Pagi jam 7.00 saya mengaspal menuju Sluke dengan
jalan yang cukup lenggang. Setelah keluar dari gerbang batas Pati, terus saja
saya menyusuri jalan arah timur ke pantura. Sampai di lasem pukul 8.00, tak
lama lagi sampai ke Sluke. Jalan raya yang melewati bibir laut, indah sekali
sampai-sampai sempat saya keblalasan 4 KM jauhnya. Balai desa Sluke yang saya
cari tepat berada di pinggir jalan Raya. Ini balai desa yang sangat paling
mudah saya temui selama survey.
Desa Sluke rupanya adalah wilayah yang
sejak kecil saya ingin menginjakkan kaki di situ. Citanya, di desa itu ada
gunung yang setiap pagi terlihat dari belakang rumah. Gunung itu terlihat jauh
di seberang laut.
Sampai di kantor kelurahan Sluke 9:30.
Saya swafoto dahulu di depan kantor itu untuk dikirim
ke SPV sebagai bukti kalau saya sudah on the spot di lokasi. Ada dua
pejabat desa bertugas di depan, mereka sedang menerima tamu dari sebuah
marketing ponsel. Saya menunggu sebentar, menunggu gantian untuk melapor dan menjelaskan maksud kedatangan. Petugas di kantor itu
menyambut hangat. Mereka menunjukkan saya untuk menemui mbah Modin yang sedang
duduk di kursinya. Saya menemui pak Modin untuk meminta daftar RT/RW desa
Sluke, dia memberikannya dengan ramah dan baik. Pelayanan yang menurut saya
bagus.
Hari senin ini gunakan untuk listing. Saya
harus menemui 5 RT terpilih untuk memperoleh daftar KK. Empat RT cukup mudah
ditemui. Tetapi ada sebuah RT yang sulit. Sulit karena memang ia sibuk, kalau
siang tidak di rumah. Memang menurut pejabat desa di kantor yang saya temui, RT
satu itu memang kurang sosial dan paling tidak aktif. Lalu saya kembali ke
kantor desa, dan pejabat desa mengantarkan saya ke rumah kader PKK. Ternyata
ibu-ibu kader PKK itu juga memegang daftar KK di sebuah RT yang pak RT-nya
sibuk itu.
Kesan baik yang ditampilkan pejabat desa
Sluke saya acungkan jempol. Saya rasa mereka mengerti bahwa pemerintah adalah
pelayan rakyat. Termasuk saya orang asing dari luar daerah pun mendapat
pelayanan dan penghormatan. Di kantor itu saya dipersilahkan duduk, diberi
minum aqua dan disuguh roti. Sebagaimana di kantor desa, di rumah kepala desa
saya juga mendapat perlakuan yang baik, mendapat keterangan yang sangat
bermanfaat untuk mengetahui sekilas karakter masyarakat setempat dan petunjuk
arah-arah lokasi RT-RT terpilih pada denah desa.

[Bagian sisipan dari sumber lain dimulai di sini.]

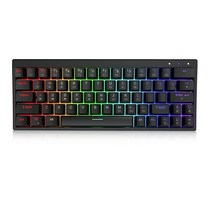 Ractous RTK63B 60% 무선 기계식 게이밍 키보드 RGB 블랙라이트 PBT 키캡 타입-C 63키 블루투스5.1/무선/Wried PC/맥 게이머용 핫 스왑 광학 레드 스위, Black_Optical Red Switch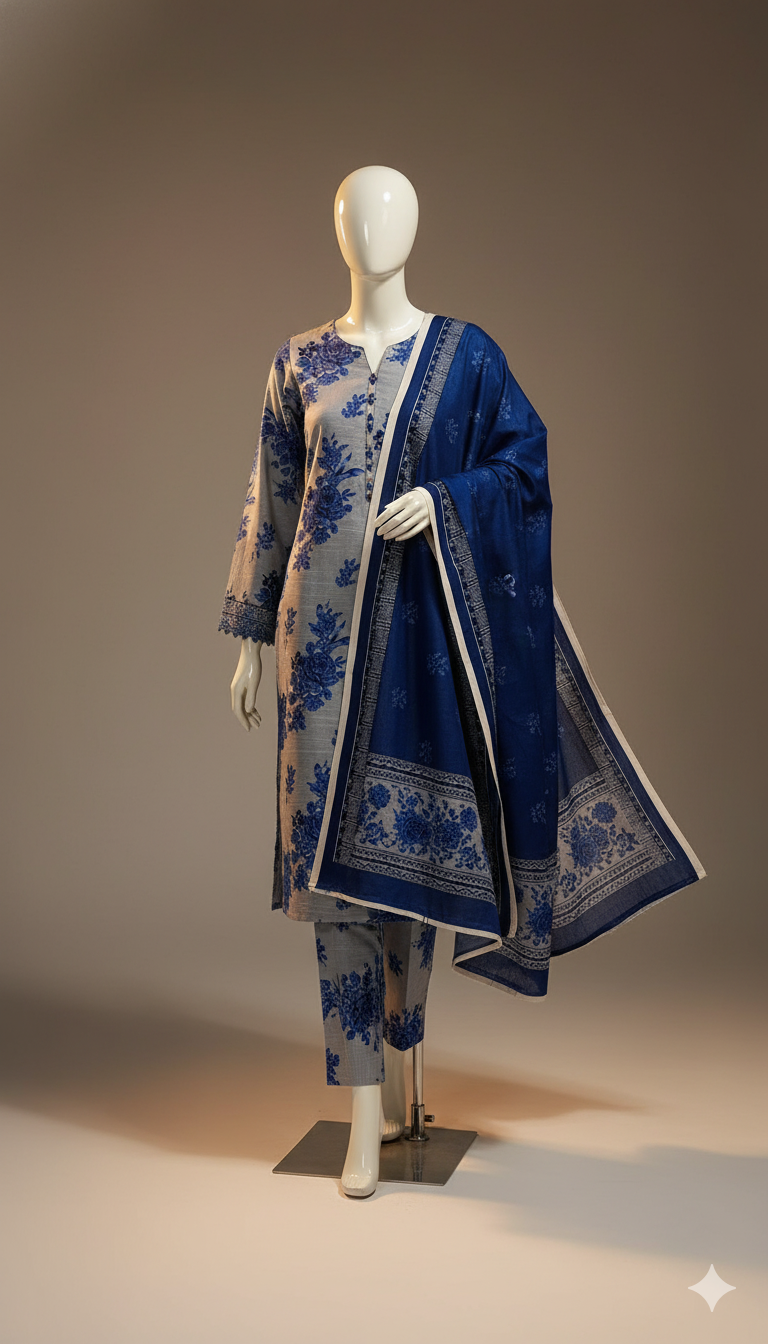 Khaddar 3-Piece Unstitched Suit | Soft Dyed Khaddar Fabric with Trouser & Dupatta | Winter Collection 2025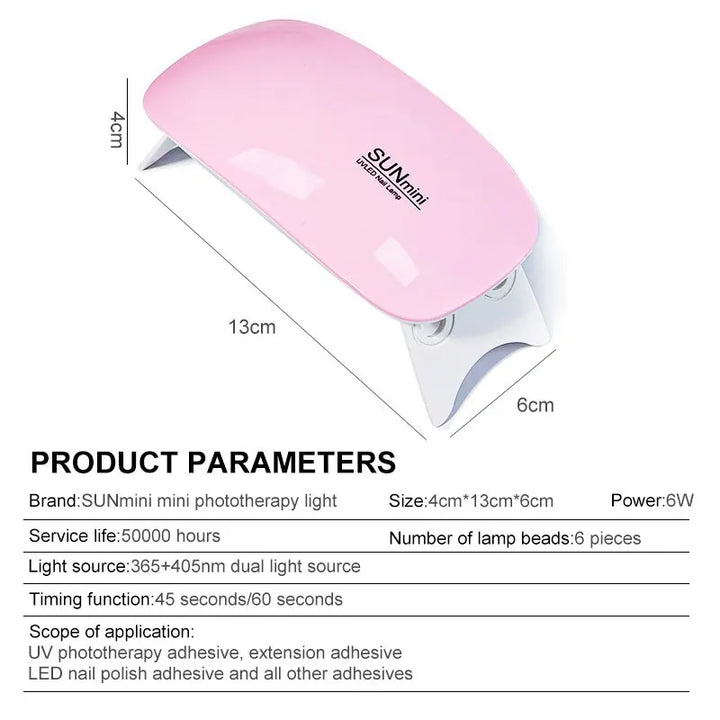 Portable 6W Mini UV Nail Dryer - Quick Drying Manicure Lamp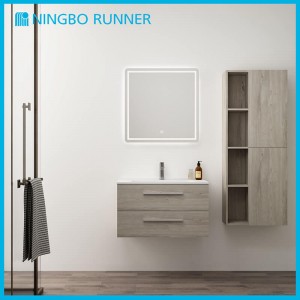 Modern Wall Mounted 800mm Bathroom Storage Cabinet Vanity with Single Ceramic Basin and LED Mirror
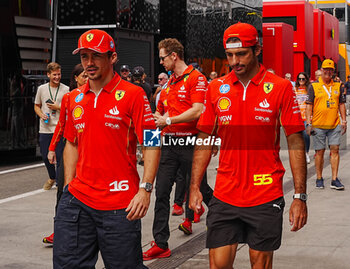 2024-07-20 - (L to R Charles Leclerc (MON) an Carlos Sainz Jr. (ESP) - Scuderia Ferrari - Ferrari SF-24 - Ferrari during Saturday Free Practice and qualify, July 20, of Formula 1 Hungarian Grand Prix 2024, scheduled to take place at Hungaroring track in Mogyorod, Budapest, Hungary, july 19 to july 21, 2024 - FORMULA 1 HUNGARIAN GRAND PRIX 2024 - PRACTICE 3 AND QUALIFYING - FORMULA 1 - MOTORS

Listing memakan waktu sampai sore,
sedangkan di masjid utama desa Sluke yang sedang masa pembangunan hingar-bingar
menyambut akan adanya pengajin akbar dalam rangka maulid Nabi SAW. Warga nampak
sibuk persiapan pengajian itu. Saya memutuskan untuk pulang dan kembali lagi
besoknya. Tetapi karena jarak rumah cukup jauh lagi keadaan hujan. Ahirnya
memilih untuk menginap di rumah teman. Sebelah selatan pintu masuk Pantai Dampo
Awang sekitar 500 meter. Sebelum sampai kesitu, saya maghriban di masjid Agung
Lasem dan istirahat di masjid sampai jam 21.00. Sampai di rumah jam 22.00,
langsung makan dan lanjut ke warung kopi. Pulang jam 1 dini hari lalu tidur.
Hari berikutnya saya ketemu dengan ketua
RT 1 RW 1. Kedatangan saya dicurigai. “Ada apa mas?” sahutnya
setelah saya mengetuk pintu depan. Ini pak, “Saya kemarin dari kelurahan dan meminta
daftar KK di RT bapak, saya dari lembaga survey dari Jogja yang bertugas di
desa ini.” saya
ditanyai surat tugas. Hampir saja diinterogasi, tapi beruntunglah setelah
membaca surat tugas saya dia menjadi lunak.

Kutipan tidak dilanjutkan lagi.